[Short web captions]
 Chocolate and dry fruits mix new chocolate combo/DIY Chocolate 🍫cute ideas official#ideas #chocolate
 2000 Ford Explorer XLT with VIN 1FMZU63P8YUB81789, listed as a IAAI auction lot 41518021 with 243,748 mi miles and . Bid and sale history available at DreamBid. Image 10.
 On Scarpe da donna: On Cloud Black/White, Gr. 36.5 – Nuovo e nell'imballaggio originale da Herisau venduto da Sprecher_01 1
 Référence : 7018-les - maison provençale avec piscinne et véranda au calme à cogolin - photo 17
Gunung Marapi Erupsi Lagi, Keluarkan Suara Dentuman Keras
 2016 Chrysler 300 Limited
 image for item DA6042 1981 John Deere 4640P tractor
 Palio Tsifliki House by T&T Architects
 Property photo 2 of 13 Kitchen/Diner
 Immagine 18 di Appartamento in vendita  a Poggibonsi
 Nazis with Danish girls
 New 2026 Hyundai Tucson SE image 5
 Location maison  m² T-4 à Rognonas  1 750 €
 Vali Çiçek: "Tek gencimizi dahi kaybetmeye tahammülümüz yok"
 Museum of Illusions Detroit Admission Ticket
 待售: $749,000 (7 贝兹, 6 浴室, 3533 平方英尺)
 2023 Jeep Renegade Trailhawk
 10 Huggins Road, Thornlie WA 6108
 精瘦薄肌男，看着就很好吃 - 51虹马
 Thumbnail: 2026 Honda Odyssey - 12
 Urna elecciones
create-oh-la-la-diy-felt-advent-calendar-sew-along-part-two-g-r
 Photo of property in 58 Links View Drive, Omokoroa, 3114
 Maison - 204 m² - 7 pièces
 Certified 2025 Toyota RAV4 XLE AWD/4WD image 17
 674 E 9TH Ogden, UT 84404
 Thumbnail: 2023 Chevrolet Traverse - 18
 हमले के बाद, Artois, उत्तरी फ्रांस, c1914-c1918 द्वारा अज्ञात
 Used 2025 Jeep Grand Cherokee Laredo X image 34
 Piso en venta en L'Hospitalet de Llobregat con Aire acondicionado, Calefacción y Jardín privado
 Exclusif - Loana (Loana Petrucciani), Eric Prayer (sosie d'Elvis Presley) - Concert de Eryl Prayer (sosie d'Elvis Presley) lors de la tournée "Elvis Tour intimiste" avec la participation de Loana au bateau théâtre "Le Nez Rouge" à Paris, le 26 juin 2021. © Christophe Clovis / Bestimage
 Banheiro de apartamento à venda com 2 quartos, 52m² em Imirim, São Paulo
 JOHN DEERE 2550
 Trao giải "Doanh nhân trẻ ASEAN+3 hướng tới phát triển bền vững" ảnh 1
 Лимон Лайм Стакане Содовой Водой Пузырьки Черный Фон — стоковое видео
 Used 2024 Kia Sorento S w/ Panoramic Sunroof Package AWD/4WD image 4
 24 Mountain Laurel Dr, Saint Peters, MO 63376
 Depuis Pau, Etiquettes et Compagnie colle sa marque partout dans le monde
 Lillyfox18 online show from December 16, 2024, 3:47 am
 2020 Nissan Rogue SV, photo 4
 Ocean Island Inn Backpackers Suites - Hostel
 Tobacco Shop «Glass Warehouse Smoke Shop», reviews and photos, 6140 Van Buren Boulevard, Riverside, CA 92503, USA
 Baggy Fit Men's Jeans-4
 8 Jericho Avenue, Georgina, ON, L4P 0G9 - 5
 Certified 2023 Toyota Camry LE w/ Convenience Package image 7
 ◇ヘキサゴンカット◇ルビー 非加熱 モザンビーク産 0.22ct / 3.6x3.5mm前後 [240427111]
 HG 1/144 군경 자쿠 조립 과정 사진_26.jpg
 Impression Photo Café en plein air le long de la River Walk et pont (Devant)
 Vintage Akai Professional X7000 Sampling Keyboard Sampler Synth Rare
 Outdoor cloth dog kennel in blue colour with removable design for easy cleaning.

> The problem: The result should consist solely of the lines from the one that contains "Piso en venta" to the last line of the records above, reproduced exactly.

> Exercise solution:
 Piso en venta en L'Hospitalet de Llobregat con Aire acondicionado, Calefacción y Jardín privado
 Exclusif - Loana (Loana Petrucciani), Eric Prayer (sosie d'Elvis Presley) - Concert de Eryl Prayer (sosie d'Elvis Presley) lors de la tournée "Elvis Tour intimiste" avec la participation de Loana au bateau théâtre "Le Nez Rouge" à Paris, le 26 juin 2021. © Christophe Clovis / Bestimage
 Banheiro de apartamento à venda com 2 quartos, 52m² em Imirim, São Paulo
 JOHN DEERE 2550
 Trao giải "Doanh nhân trẻ ASEAN+3 hướng tới phát triển bền vững" ảnh 1
 Лимон Лайм Стакане Содовой Водой Пузырьки Черный Фон — стоковое видео
 Used 2024 Kia Sorento S w/ Panoramic Sunroof Package AWD/4WD image 4
 24 Mountain Laurel Dr, Saint Peters, MO 63376
 Depuis Pau, Etiquettes et Compagnie colle sa marque partout dans le monde
 Lillyfox18 online show from December 16, 2024, 3:47 am
 2020 Nissan Rogue SV, photo 4
 Ocean Island Inn Backpackers Suites - Hostel
 Tobacco Shop «Glass Warehouse Smoke Shop», reviews and photos, 6140 Van Buren Boulevard, Riverside, CA 92503, USA
 Baggy Fit Men's Jeans-4
 8 Jericho Avenue, Georgina, ON, L4P 0G9 - 5
 Certified 2023 Toyota Camry LE w/ Convenience Package image 7
 ◇ヘキサゴンカット◇ルビー 非加熱 モザンビーク産 0.22ct / 3.6x3.5mm前後 [240427111]
 HG 1/144 군경 자쿠 조립 과정 사진_26.jpg
 Impression Photo Café en plein air le long de la River Walk et pont (Devant)
 Vintage Akai Professional X7000 Sampling Keyboard Sampler Synth Rare
 Outdoor cloth dog kennel in blue colour with removable design for easy cleaning.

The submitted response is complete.